__Task directions__. The entire listing that follows must be repeated exactly, pictures excluded.

__Dataset extract__.

========

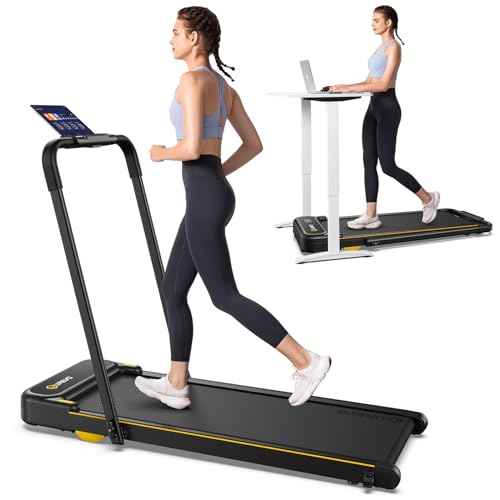 UREVO Strol 2E Smart 2-in-1 Folding Treadmill, Compact Walking Pad with Safety Handle, Plug and Play, Dual LED Display, Workout APP, Walking or Running for Home Office, Remote Included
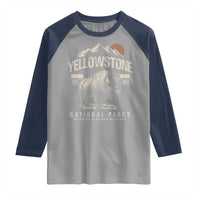 Vintage Yellowstone National Park Raglan Shirt Retro Bison Nature Wildlife Forest - Wonder Print Shop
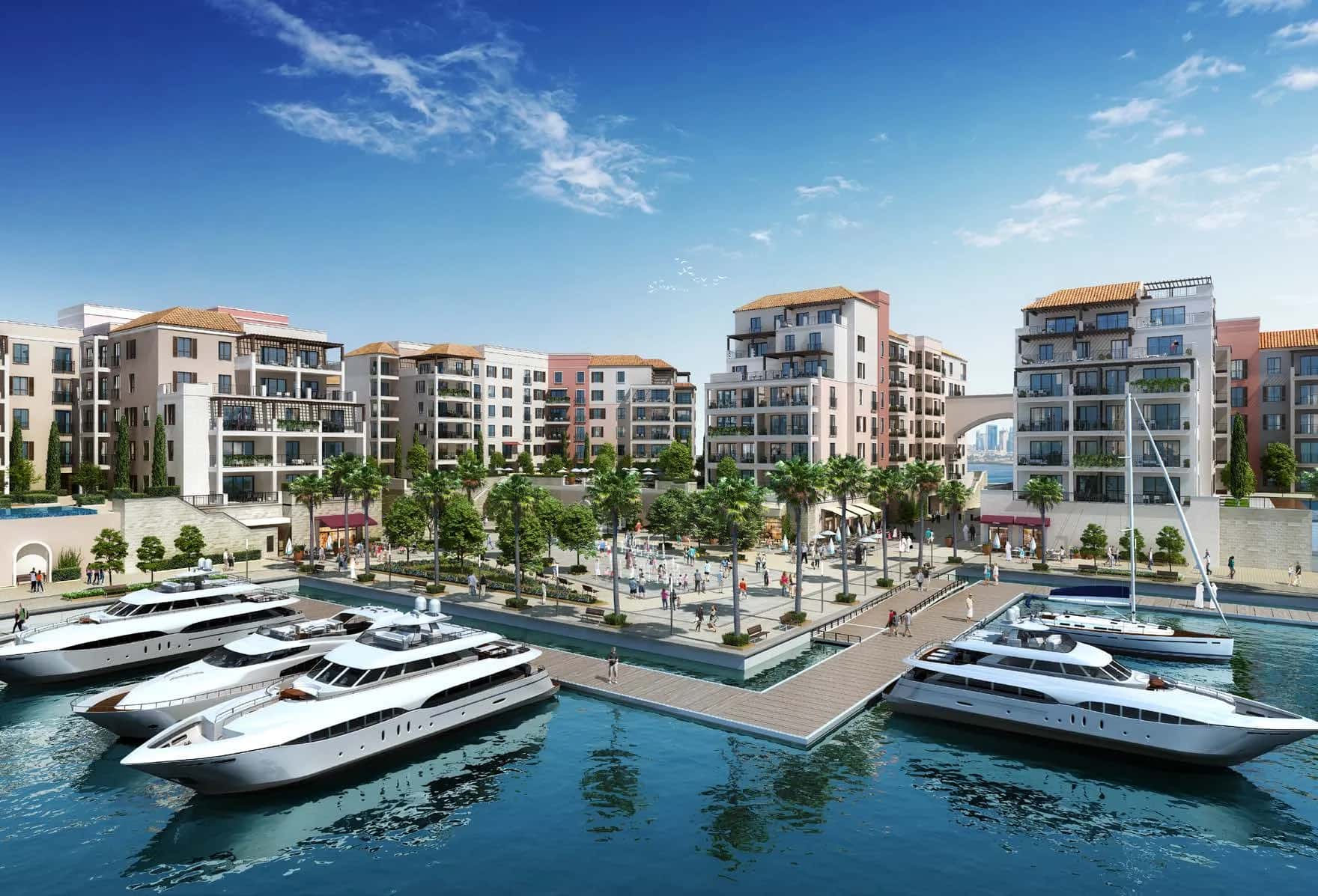 La Voile apartment buildings at Port De La Mer with marina and Jumeirah 1 coastline in the background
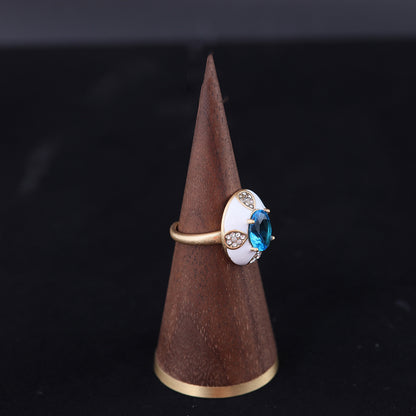Vintage Enamel Geometric Luxury Open Ring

========

__Problem solution__.
 UREVO Strol 2E Smart 2-in-1 Folding Treadmill, Compact Walking Pad with Safety Handle, Plug and Play, Dual LED Display, Workout APP, Walking or Running for Home Office, Remote Included
 Vintage Yellowstone National Park Raglan Shirt Retro Bison Nature Wildlife Forest - Wonder Print Shop
 La Voile apartment buildings at Port De La Mer with marina and Jumeirah 1 coastline in the background
Vintage Enamel Geometric Luxury Open Ring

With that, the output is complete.